Sí, es adecuado. En un primer momento, la Iglesia en general desconfió de la introducción del término género. Esto se dio en un contexto concreto, sobre todo a raíz de su introducción en la IV Conferencia Mundial de las Naciones Unidas sobre la mujer, en Pekín 1995. Durante un tiempo, se identificó el término género con algunas versiones reductivas, y de ahí la reacción defensiva. Poco a poco se ha ido comprendiendo que el género no es una cuestión monolítica, y que hay muchas teorías de relación entre sexo y género, más o menos compatibles con la concepción antropológica cristiana. La Amoris Laetitia n. 56 afirma que sexo y género se pueden distinguir, pero no separar. El documento “Varón y mujer” de la Congregación para la Educación Católica (junio 2018) reconoce también que los estudios de género son útiles para el análisis cultural. Así que creo que la Iglesia ya reconoce la validez del término “género”, y lo diferencia de las versiones más o menos ideológicas.
¿Esta distinción diluye la diferencia sexual?
No. Creo que más bien hace ver su complejidad y riqueza. La diferencia sexual no es sólo una cuestión biológica, porque nada humano es sólo biológico. En la formación de la identidad sexual entran en juego una serie de elementos: cuerpo, psique, cultura, libertad, que la persona tiene que integrar de modo único, a lo largo de su historia. Todos son igualmente necesarios. No todo es “dado”, determinado biológicamente. En ese sentido, podríamos decir que la diferencia sexual es dada y a la vez construida, natural y cultural. En otras palabras: yo nazco mujer, y al mismo tiempo me hago mujer. Esto no quita densidad a la diferencia sexual, sino que revela su dimensión verdaderamente humana, donde la libertad juega un papel fundamental para que cada dimensión llegue a plenitud. El concepto de género ayuda a entrar en esta complejidad. Ayuda a ver que la diferencia sexual no se identifica con un modelo estático de relación entre hombres y mujeres, y que no tiene nada que ver con una distinción rígida o absoluta de características, roles y funciones propias de uno u otro sexo.

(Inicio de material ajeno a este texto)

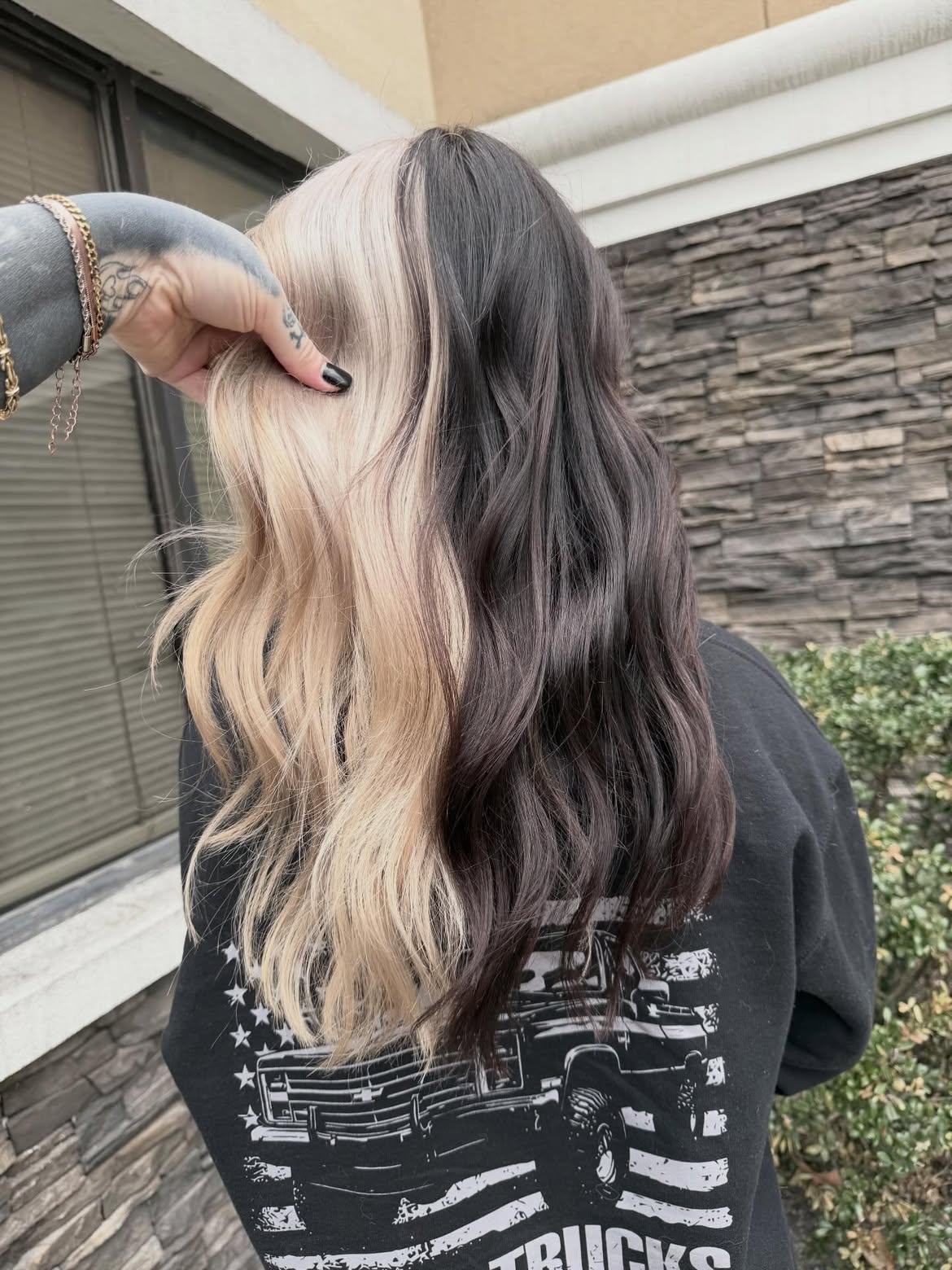 Monochromatic Half & Half Black Blonde Waves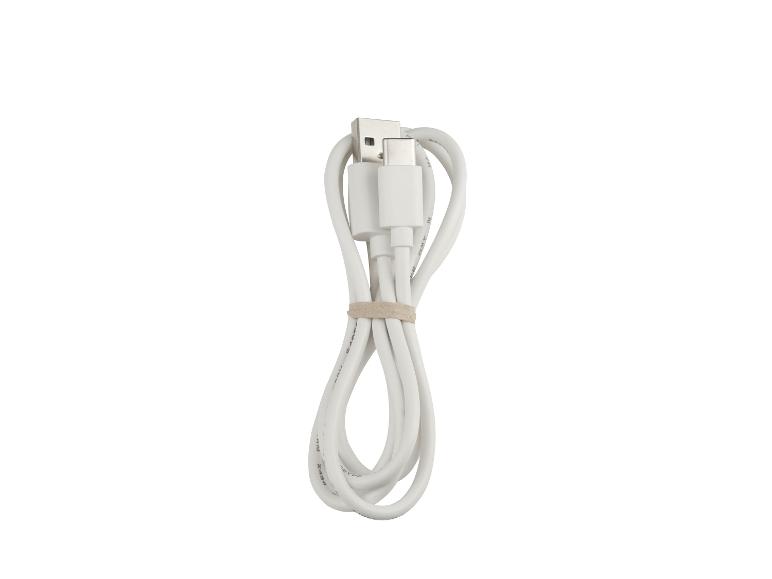 Bílý nabíjecí kabel USB-A na USB-C, svázaný gumičkou.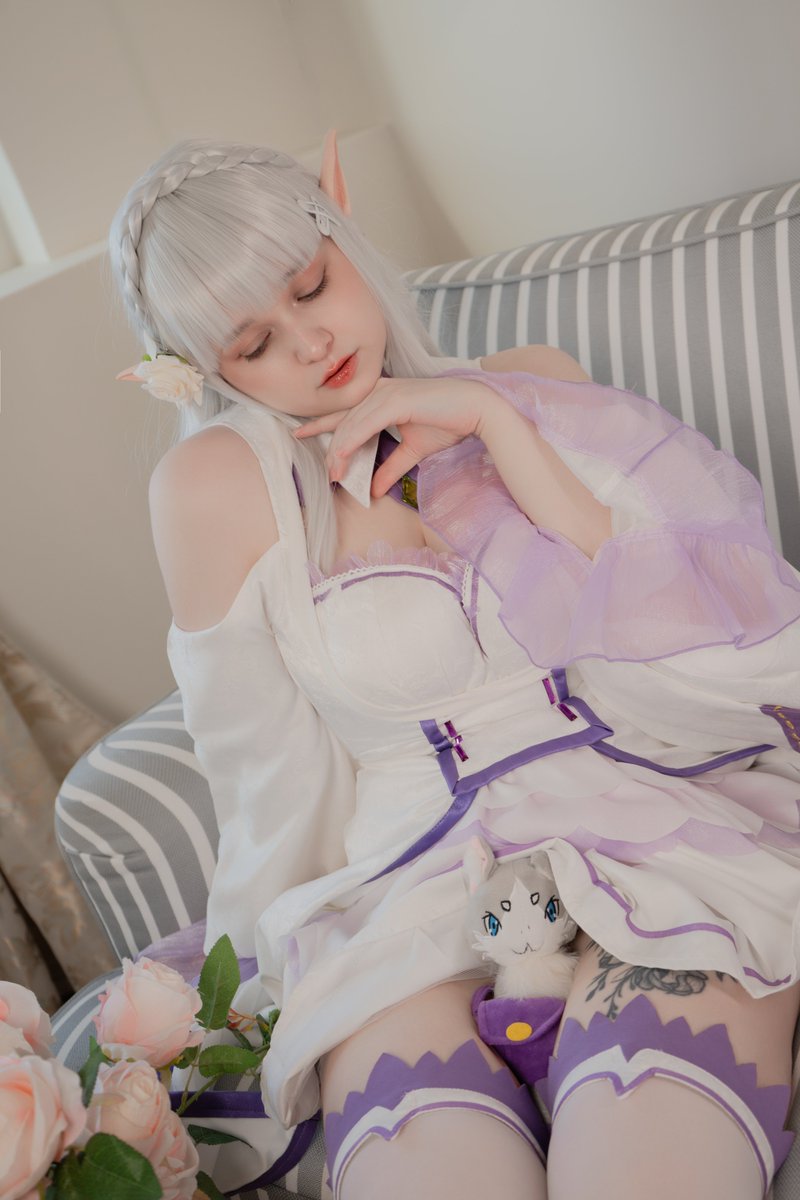 MintyMiyako's tweet image. you’re important to me really 🤍
#emilia #rezero #rezeroanime #cosplay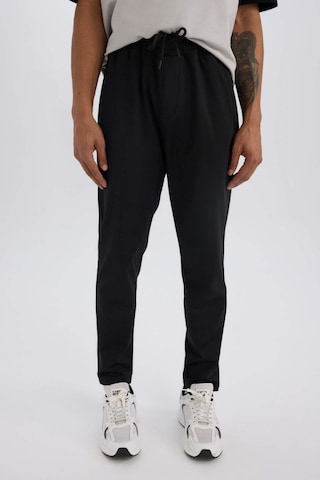 DeFactoFit Sporcu Jogger Eşofman Altı Slim Fit Dar Kesim Standart Paça Skuba Dalgıç Kumaş Beli Lastikli Düz Paça E3930AX24WNBK81 Siyah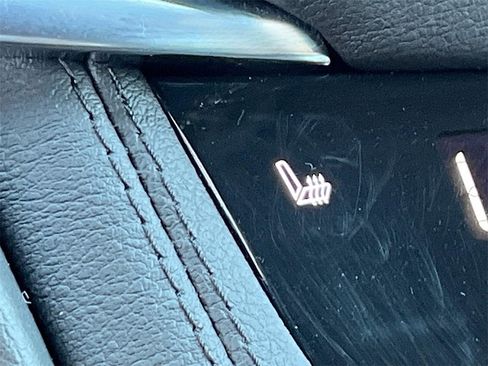 New 2025 Cadillac XT6 Luxury image 20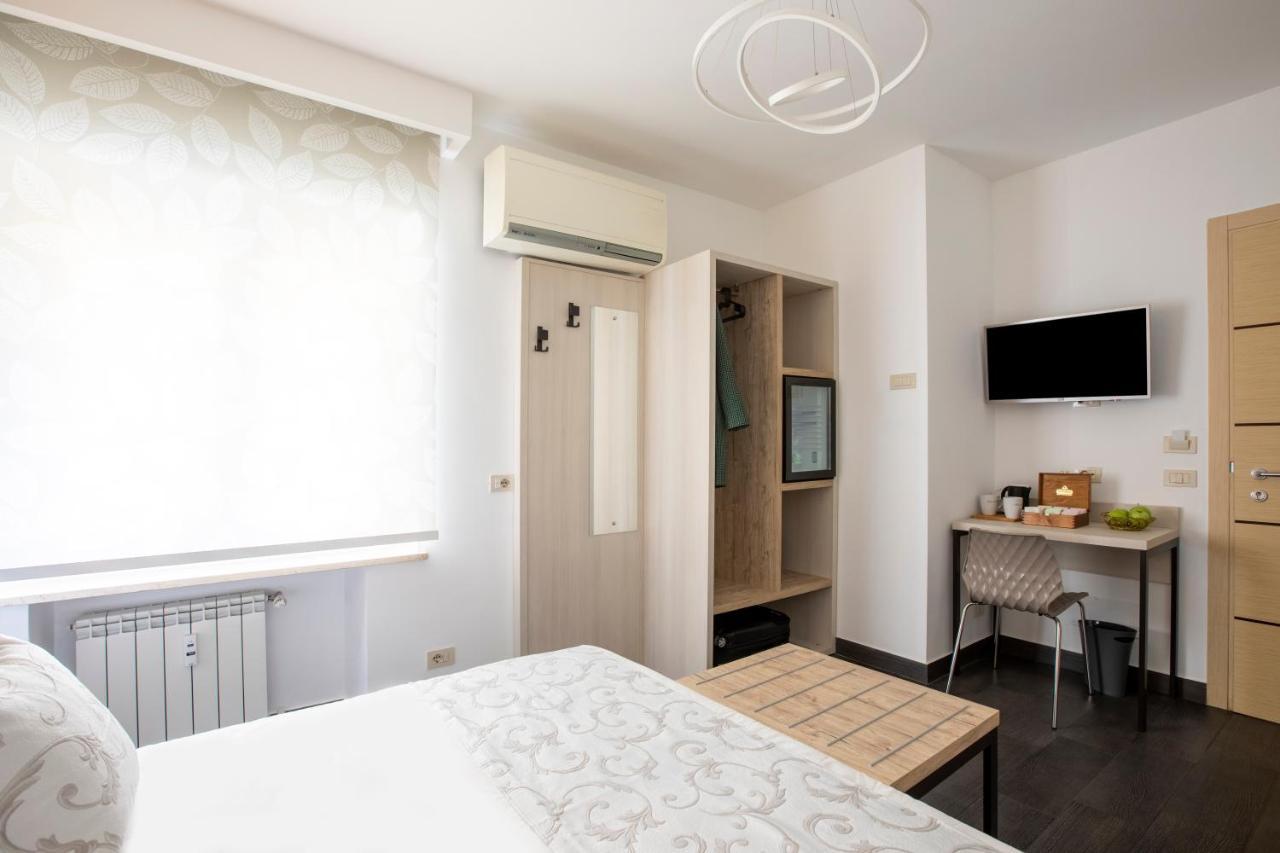La Riviere Guesthouse Trastevere Rome Extérieur photo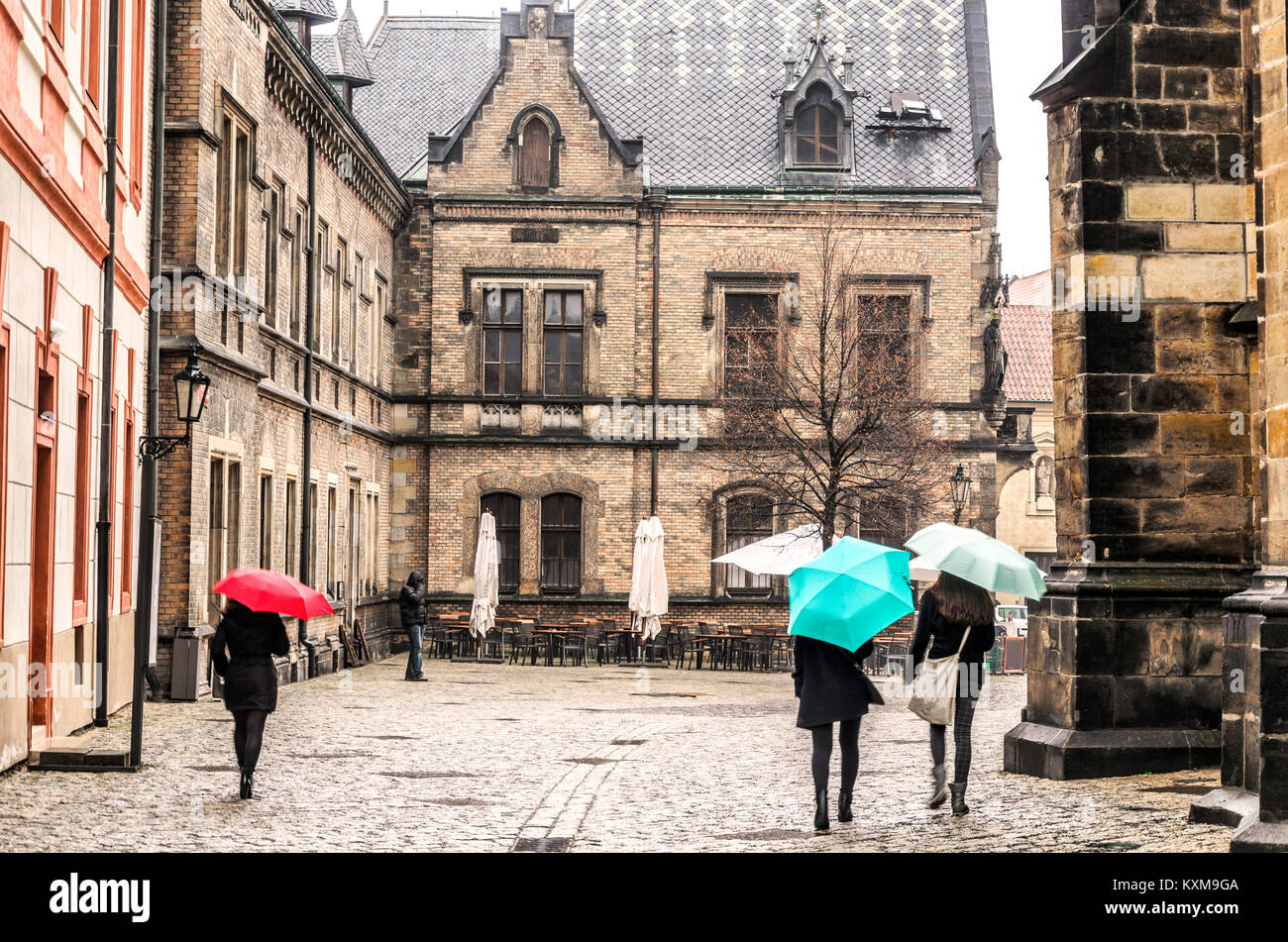 Jour de pluie dans le centre historique de Prague avec poussettes parapluies rues pavées et ses bâtiments historiques en République tchèque Banque D'Images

En un editorial de este periódico se afirmaba que “cualquiera que esté en contacto con el mundo adolescente sabe que ha crecido exponencialmente la inclinación hacia la transexualidad. Sin duda hay una cierta moda, hay influencias que surten efecto. Pero probablemente estamos ante el signo más rotundo de que recibirse a uno mismo como un don, como un dato, ha dejado de ser habitual, ha dejado de percibirse como un bien”. ¿Estamos ante una crisis de la imagen y de la identidad sexual en nuestros jóvenes? ¿Qué le sugiere lo que se afirma en el editorial?
Creo que efectivamente los jóvenes hoy son mucho más abiertos a la transexualidad. Creo que esto puede denotar dificultad para abrazar la propia identidad por un lado, pero también una grandísima solidaridad hacia lo diferente, y un rechazo visceral de todo lo que se impone desde fuera. Considero que estos dos últimos rasgos son un punto fuerte de la generación de jóvenes de hoy, que es preciso valorar y de los que podemos aprender. Sólo a partir del reconocimiento de la verdad y valores del otro podemos emprender un camino juntos para descubrir cómo crecer en libertad, que es inseparable de abrazar la propia verdad. Hoy los jóvenes tienen miedo a las identidades y compromisos estables, y esto muchas veces denota fragilidad y miedo. La crisis de la masculinidad y de la feminidad que vivimos no les ayuda a afirmarse, sino lo contrario. Creo que tenemos que encontrarlos allí donde están: con sus valores, su belleza y sus heridas.